オワイン・グリンドゥール

~ウェールズ独立の志士~

“判官びいき”という言葉が生まれるくらい、日本人は源義経が大好き。

それはきっと義経が、一時は昇る朝日のような勢いで敵を駆逐したものの、

失意のうちに最期を迎えた悲劇のヒーローだからなのでしょうね。

Owain Glyndwr Statue / courtesy of Photolibrary Wales
Owain Glyndwr Statue / courtesy of Photolibrary Wales

ウェールズ史のなかにも義経と似たような人物がいます。

オワイン・グリンドゥール。

中部ウェールズにあった小国ポウィスの王族につらなり、

エドワード1世に滅ぼされた

サウェリン・アプ・グリフィズの末裔にもあたります。

1350年ごろに生まれ、ロンドンの法学院で学んだ

優秀な若者でした。

イングランド王リチャード2世から騎士に叙せられ、

王のスコットランドやアイルランド遠征に参戦するほど、

もともとはイングランドに忠実な臣下だったのです。

 

ところがリチャード2世から無理やり王位を奪った

ヘンリー4世の登場で、状況は一変します。

北東ウェールズの領地に帰郷したオワインを

待っていたのは、隣地の主、グレイ侯による

領土のかすめ取り。

すぐに宮廷に異議を申し立てますが聞き入れられず、

領地の一部がグレイ侯のものになってしまいました。

 


さらに幽閉されていたリチャード2世餓死の報も届き、

ヘンリー4世の不当かつ非道な仕打ちに耐えかねた

オワインは、すでに彼をリーダーとみなしていた

ウェールズ諸侯を呼び集め、1400年9月16日、

公然とイングランドに反旗を翻します。

すなわち、プリンス・オブ・ウェールズ

推戴されたのでした。 

ただちに仇敵グレイ侯の領地を攻略すると、

勢いに乗じて中部ウェールズの町を次々に陥落。

ヘンリー4世は鎮圧のために大規模な征伐隊を何度か差し向けますが、

いずれも撃破されてしまいます。

その間にも加勢する軍勢が増え続けて反乱の火の手は各地であがり、

1403年の終わりには、オワインはほぼウェールズ全土を支配下に置きました。

 

1404年、オワインは父祖の地の要衝の町、中西部のマハンセスに

ウェールズ初の二院制議会を設置。独立国としての様相を整え、

フランスやスコットランド、アイルランドから承認を得ました。

 

でも栄華はここまで。ほどなくイングランド軍が巻き返しにかかり、

1405年にはじまったフランス&ウェールズ連合軍のイングランド侵攻が失敗に終わると

オワインは後退を余儀なくされ、1408年には散発的なゲリラ戦のみとなってしまいました。

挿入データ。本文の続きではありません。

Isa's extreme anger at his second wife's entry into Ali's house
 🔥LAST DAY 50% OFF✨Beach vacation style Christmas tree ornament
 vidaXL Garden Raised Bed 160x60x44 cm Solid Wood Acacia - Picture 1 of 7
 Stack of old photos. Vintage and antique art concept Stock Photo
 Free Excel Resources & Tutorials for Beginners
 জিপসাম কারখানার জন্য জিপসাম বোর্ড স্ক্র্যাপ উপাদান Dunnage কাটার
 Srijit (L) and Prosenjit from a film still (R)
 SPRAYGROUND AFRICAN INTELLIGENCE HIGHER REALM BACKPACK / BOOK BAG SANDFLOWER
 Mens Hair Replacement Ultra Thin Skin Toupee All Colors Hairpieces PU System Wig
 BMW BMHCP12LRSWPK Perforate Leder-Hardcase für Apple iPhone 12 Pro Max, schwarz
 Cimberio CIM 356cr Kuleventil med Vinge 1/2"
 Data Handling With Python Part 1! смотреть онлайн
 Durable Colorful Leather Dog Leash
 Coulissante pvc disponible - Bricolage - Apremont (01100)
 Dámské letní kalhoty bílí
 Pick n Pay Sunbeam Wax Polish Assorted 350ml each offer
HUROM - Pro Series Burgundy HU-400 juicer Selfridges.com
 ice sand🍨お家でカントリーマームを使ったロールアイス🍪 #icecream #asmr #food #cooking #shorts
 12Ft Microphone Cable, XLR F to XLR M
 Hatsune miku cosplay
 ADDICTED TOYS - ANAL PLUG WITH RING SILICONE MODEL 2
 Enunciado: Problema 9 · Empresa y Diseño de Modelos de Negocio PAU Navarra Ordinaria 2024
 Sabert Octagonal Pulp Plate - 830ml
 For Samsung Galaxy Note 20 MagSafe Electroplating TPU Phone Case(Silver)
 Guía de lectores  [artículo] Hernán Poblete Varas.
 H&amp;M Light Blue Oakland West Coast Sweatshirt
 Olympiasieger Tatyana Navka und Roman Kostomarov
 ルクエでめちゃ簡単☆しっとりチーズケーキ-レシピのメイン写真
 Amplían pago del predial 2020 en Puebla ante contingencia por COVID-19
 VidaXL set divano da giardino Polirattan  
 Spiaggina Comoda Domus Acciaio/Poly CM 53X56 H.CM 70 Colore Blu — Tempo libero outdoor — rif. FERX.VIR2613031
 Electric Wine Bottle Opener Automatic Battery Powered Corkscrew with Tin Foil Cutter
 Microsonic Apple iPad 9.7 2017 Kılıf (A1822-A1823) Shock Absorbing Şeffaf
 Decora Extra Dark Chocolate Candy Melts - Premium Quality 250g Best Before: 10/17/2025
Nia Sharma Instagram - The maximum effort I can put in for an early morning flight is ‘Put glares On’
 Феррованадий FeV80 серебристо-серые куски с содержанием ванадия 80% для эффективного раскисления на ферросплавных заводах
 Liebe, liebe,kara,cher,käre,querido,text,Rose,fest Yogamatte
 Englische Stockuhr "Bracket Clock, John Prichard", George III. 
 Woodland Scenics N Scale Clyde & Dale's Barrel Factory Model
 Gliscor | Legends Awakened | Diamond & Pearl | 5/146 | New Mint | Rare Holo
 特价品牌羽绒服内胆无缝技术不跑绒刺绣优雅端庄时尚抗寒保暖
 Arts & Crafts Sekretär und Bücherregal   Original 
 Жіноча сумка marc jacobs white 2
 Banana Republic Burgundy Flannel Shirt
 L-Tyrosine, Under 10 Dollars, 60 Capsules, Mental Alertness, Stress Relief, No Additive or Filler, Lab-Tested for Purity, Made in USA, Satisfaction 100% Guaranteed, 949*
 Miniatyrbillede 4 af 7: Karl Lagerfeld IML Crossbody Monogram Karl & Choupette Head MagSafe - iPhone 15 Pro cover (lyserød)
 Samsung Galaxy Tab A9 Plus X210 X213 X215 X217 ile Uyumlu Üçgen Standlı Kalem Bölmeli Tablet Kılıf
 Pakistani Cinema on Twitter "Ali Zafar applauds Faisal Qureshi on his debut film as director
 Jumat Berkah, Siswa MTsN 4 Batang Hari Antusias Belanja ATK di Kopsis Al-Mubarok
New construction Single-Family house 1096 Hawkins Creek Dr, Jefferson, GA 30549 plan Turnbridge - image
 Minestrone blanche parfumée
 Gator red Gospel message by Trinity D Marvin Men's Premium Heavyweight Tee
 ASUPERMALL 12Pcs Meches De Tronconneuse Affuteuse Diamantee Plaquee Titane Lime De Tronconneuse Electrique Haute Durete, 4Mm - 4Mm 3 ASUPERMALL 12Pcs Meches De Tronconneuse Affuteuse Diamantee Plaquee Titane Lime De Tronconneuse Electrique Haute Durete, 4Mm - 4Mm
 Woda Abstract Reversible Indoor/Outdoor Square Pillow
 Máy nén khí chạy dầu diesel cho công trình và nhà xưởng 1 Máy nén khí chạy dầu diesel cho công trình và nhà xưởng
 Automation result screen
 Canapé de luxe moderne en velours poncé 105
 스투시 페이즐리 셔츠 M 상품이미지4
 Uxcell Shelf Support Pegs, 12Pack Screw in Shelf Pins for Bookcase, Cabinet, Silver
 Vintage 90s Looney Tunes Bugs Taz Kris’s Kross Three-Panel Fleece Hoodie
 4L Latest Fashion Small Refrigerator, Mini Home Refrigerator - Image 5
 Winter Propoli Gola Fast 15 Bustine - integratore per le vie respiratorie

そして1412年の戦いののち、彼は忽然と姿を消します。

彼の名が記された公式文書も、1416年のものが最後となりました。

 

刀折れ矢尽きたオワインがどこへ行き、どのように暮らしたかは、わかりません。

追い詰められながらも捕まることがなかったので、没年も墓所も不明です。

でもこのことが、彼の英雄譚を伝説にまで昇華させたのでしょう。

“国家存亡の危機の際に、オワインは姿を現す”と言い伝えられています。

そう、かのアーサー王のように。

Glyndwr's Flag / courtesy of Photolibrary Wales
Glyndwr's Flag / courtesy of Photolibrary Wales

なぜこれほどまでにオワインは

ウェールズ人の心を捉えたのでしょうか?

理由としては、エドワード1世による征服後、

見下されながらもイングランドに臣従していた

ウェールズの支配者階級のなかで

はじめて対決姿勢を明らかにしたこと、

ウェールズの統一と独立を標榜していたこと、

などが挙げられます。


そしてなにより、彼はカリスマ性を備えた

力強い統率者だったに違いありません。

シェイクスピアも戯曲『ヘンリー4世』のなかで

ロマンあふれるケルト気質に満ちた、

勇敢で気高く、だれをも魅了する人物として

オワインを描いています。

 

彼の人気は、いまも衰えることがありません。

2000年はオワインが決起した年から600周年ということで

各地で祝典が催されました。

彼の紋章である4頭の獅子の旗をかかげて

ウェールズの独自性を祝おうという気運も高まっています。

2005年には916日の『グリンドゥールの日』をはさむ一週間、

首都にあるカーディフ城の城壁にオワインの旗がへんぽんと翻りました。

もちろん毎年8月のナショナル・アイステッズヴォドでも、

赤と黄色の旗が目に飛びこんできますよ。